I'm sure more than 40 minutes passed. I felt like an orphan. There was no cab in sight. I was trying to decide whether I should drag Sherlock along the busy road to try to find a cab or drag him back to the parking lot to borrow another cell phone to call my friend Sarah - the one friend whose phone number I knew by memory - when an orange minivan pulled over.

The girl behind the wheel rolled down the window and asked, "Are you ok?"

I'm sure I didn't look ok shivering in my jogging shorts with knuckles whitened from clutching Sherlock's leash so tightly.

"I lost my car keys on the beach and I've been waiting for a cab, but it looks like he's not showing up..."

"Do you need a ride somewhere?" she asked.

I looked at her as if she had told me I won the lottery. "Well, I live in Noe Valley..."

"I live in Glen Park, and I'd be happy to drop you off."

"Oh, my god, you are a life-saver."

I bounced toward her car and pushed open the sliding door. "Come on, Sherlock, up, up. Good boy."

As soon as I sat in the passenger seat, she said, "Oh, funny, I just met a dog named Sherlock last week."

As we pulled out, a little black dog came up and sat on my lap. As I was thinking that he looked exactly like my friend Sarah's dog, I heard the driver say, "Charlie, get off that poor lady."

I looked at her and said, "Charlie? Did you just call him Charlie? Wait, is this Sarah's Charlie?"

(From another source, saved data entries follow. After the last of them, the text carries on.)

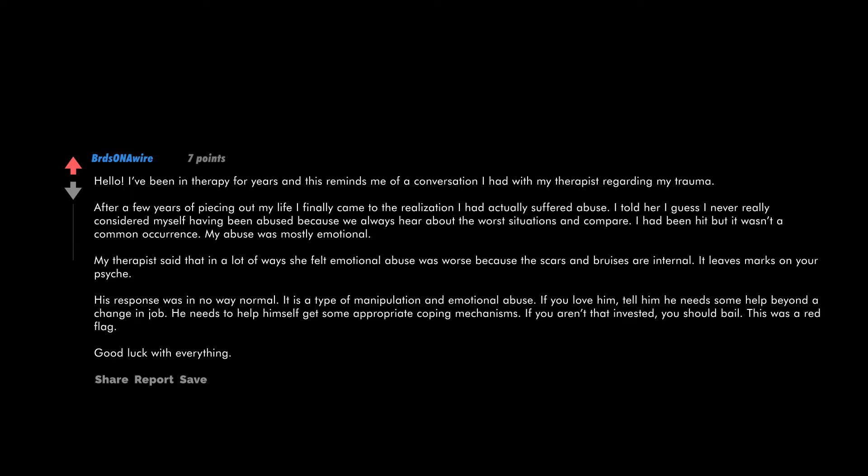My therapist said that in a lot of ways she felt emotional abuse was worse because the scars and bruises are internal. It leaves marks on your psyche. His response was in no way normal. It is a type of manipulation and emotional abuse. If you love him, tell him he needs some help beyond a change in job. He needs to help himself get some appropriate coping mechanisms. If you aren't that invested, you should bail. This was a red flag.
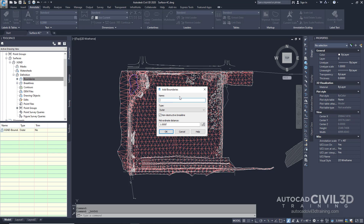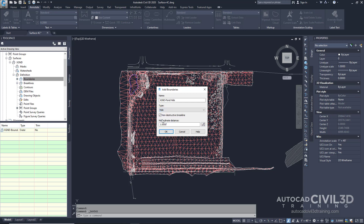Now go ahead and type in the following parameters: X GND-pond space hide. Change the type from outer to a hide boundary. We want to keep the non-destructive break line option checked, and a mid-ordinate distance at 1. Go ahead and click OK.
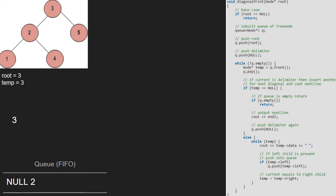We set temp to temp's right, so temp will point to 5. Then we print 5 as temp is not null. Since the left child of 5 does not exist, nothing is enqueued. We set temp equal to temp's right, so temp will point to null. As temp is pointing to null, we break out of the while loop inside the else part.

At that moment, we did a double take.

"How do you know Charlie?" she asked.

"What are you doing with Sarah's dog?"

"Wait, is this Sherlock, Sherlock?"

It turned out that she was my friend Sarah's new roommate, whom I had heard about for the past few weeks. And Sarah had watched Sherlock the weekend before while Jeff and I were away. And Sarah was the one person I had thought about calling when I was stranded out there. And here was her roommate saving my ass from this predicament.

Ah, the funny turns in life. And the warmth of living in a world that turns out to be smaller than assumed.